(Work to complete) Please print the entries below exactly, from the line with "Beginner's Guide is" through the line with "Anyway, I'm going", including both of those lines and leaving out all others.

(Data provided)
= = =

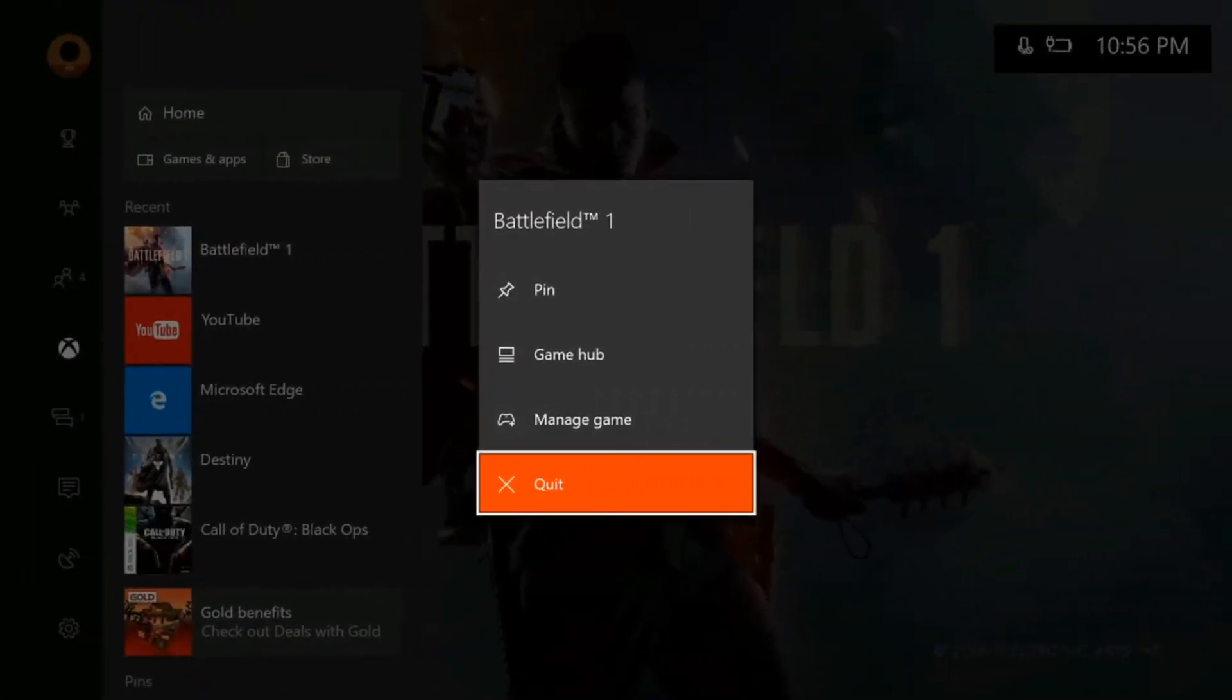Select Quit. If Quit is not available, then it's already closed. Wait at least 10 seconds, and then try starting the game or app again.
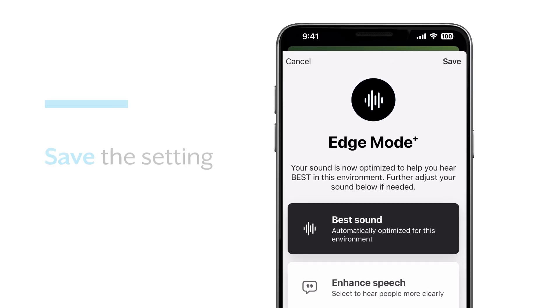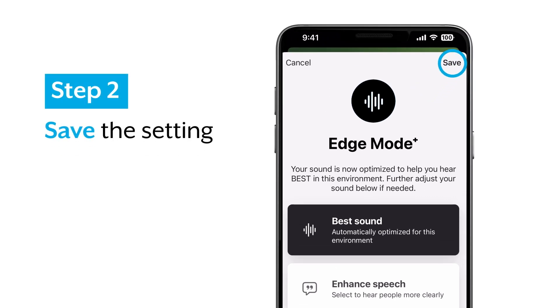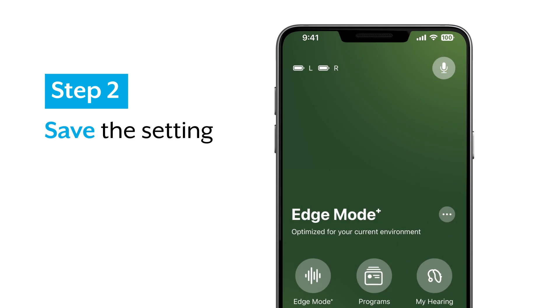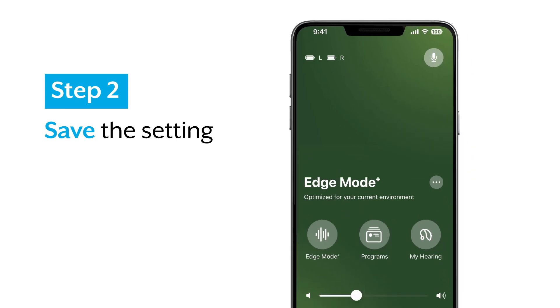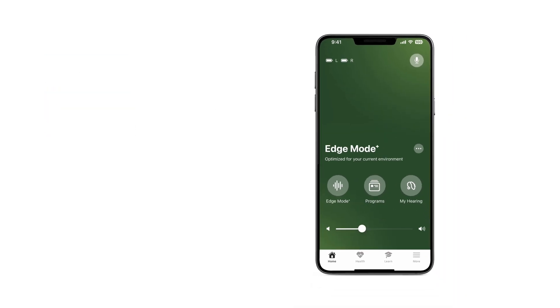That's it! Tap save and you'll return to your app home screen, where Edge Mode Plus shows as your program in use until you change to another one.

= = =

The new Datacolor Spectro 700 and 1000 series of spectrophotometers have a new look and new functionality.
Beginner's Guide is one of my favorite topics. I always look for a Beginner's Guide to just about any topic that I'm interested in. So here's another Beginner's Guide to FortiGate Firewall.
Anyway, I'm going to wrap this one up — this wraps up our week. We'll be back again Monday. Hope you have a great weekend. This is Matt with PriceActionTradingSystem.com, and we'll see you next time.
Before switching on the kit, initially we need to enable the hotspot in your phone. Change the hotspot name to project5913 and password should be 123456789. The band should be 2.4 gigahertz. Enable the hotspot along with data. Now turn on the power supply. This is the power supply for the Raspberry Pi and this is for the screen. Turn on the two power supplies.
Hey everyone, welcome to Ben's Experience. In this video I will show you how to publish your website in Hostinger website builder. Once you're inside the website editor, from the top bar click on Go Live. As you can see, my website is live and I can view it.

= = =

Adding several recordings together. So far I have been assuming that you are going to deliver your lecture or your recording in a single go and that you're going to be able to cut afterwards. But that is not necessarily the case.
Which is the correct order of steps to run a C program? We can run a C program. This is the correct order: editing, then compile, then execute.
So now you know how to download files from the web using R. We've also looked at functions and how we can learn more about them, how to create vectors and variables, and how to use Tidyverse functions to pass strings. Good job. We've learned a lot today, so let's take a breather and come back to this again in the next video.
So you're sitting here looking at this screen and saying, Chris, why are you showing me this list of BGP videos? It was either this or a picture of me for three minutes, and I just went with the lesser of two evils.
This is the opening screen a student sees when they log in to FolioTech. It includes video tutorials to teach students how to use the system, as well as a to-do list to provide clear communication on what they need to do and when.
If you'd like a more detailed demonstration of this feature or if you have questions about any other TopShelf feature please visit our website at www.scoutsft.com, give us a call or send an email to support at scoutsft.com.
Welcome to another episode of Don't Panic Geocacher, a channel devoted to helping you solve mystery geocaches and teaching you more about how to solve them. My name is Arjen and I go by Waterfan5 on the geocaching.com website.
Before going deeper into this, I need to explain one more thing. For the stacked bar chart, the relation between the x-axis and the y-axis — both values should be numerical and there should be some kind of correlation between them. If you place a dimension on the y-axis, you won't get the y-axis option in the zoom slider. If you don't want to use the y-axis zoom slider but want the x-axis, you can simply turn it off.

= = =

(Answer to the exercise)
Beginner's Guide is one of my favorite topics. I always look for a Beginner's Guide to just about any topic that I'm interested in. So here's another Beginner's Guide to FortiGate Firewall.
Anyway, I'm going to wrap this one up — this wraps up our week. We'll be back again Monday. Hope you have a great weekend. This is Matt with PriceActionTradingSystem.com, and we'll see you next time.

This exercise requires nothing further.